Segundo o Ministério da Saúde, a entrada de genéricos no mercado garante preços de 30% a 40% menores, além de estimular a concorrência, ampliar o acesso da população a tratamentos de qualidade e fortalecer as condições para a incorporação de novas tecnologias ao SUS (Sistema Único de Saúde).
Procuradas pela reportagem, Hypera e Biomm não quiseram se pronunciar, mas, de acordo com reportagem da Reuters, o CEO da Hypera, Breno de Oliveira, disse que a empresa está trabalhando para lançar sua versão do Ozempic assim que a patente da semaglutida expirar.
Ele afirmou ainda que os preços não devem ter uma queda tão dramática como de outros remédios genéricos devido aos altos custos de produção e à menor disponibilidade das canetas para aplicar o medicamento.
Já a Biomm anunciou um acordo de licenciamento e suprimento com a indiana Biocon para comercializar sua versão do Ozempic no Brasil, também segundo a Reuters.
Mas mesmo a queda da patente da semaglutida e a entrada no mercado de versões similares do Ozempic a preços menores do que os praticados hoje não devem fazer com que esses remédios emagrecedores sejam disponibilizados no SUS.
Em agosto, a Conitec (Comissão Nacional de Incorporações de Tecnologias no SUS) decidiu não incorporar a liraglutida e a semaglutida para o tratamento de pessoas com obesidade com maior risco (com diabetes e evento cardiovascular prévio) e contraindicação para outros medicamentos, alegando alto custo.
A incorporação da semaglutida foi solicitada pela farmacêutica Novo Nordisk, e a da liraglutida foi requisitada pelas sociedades médicas Abeso (Associação Brasileira para o Estudo da Obesidade e Síndrome Metabólica), SBD (Sociedade Brasileira de Diabetes) e Sbem (Sociedade Brasileira de Endocrinologia e Metabologia).
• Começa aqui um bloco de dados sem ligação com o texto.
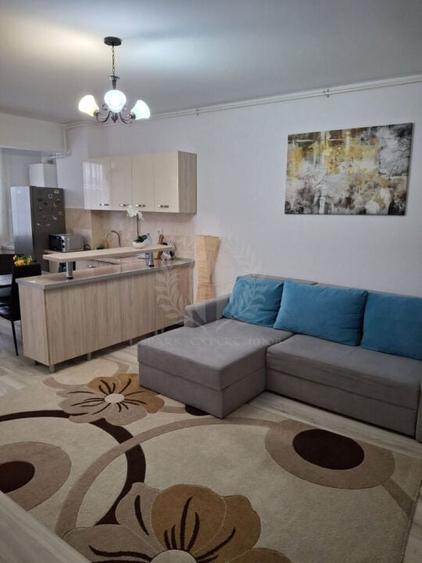 Inchiriere apartament 2 camere, renovat, zona Vest, Ploiesti - 1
Em nota, as sociedades criticaram a decisão. Afirmam ainda que no total há seis medicamentos para tratamento da obesidade aprovados pela Anvisa (Agência Nacional de Vigilância Sanitária), incluindo remédios de baixo custo, como a sibutramina, mas nenhum deles está disponível no SUS. Completam a lista orlistate, naltrexona com bupropiona e as canetas emagrecedoras.
"É preconceito não enxergar a obesidade como uma doença complexa que sabidamente causa diabetes, hipertensão, câncer, depressão, artrose, gastos com próteses de joelho e quadril. A população está desassistida. Pacientes saem das consultas no SUS de mãos abanando. Não adianta só falar para comer menos. Ninguém vai atender um hipertenso e apenas falar para ele comer menos sal. Temos que oferecer um tratamento realmente eficaz e como sociedade lutar por isso. O mote da nossa campanha pela incorporação desses medicamentos no SUS é — quem pode pagar emagrece, quem não pode adoece", afirma Clayton Macedo, diretor da SBEM.
Questionado pela reportagem sobre o SUS não oferecer nenhum medicamento para obesidade, o Ministério da Saúde afirma que para enfrentar a obesidade "desenvolve ações integradas por meio do Plano de Ações Estratégicas para o Enfrentamento das Doenças Crônicas e Agravos Não Transmissíveis 2021—2030. O plano tem dois objetivos principais: reduzir os índices de obesidade entre crianças e adolescentes e conter o avanço da doença na população adulta, com medidas que abrangem desde a atenção primária até a assistência especializada".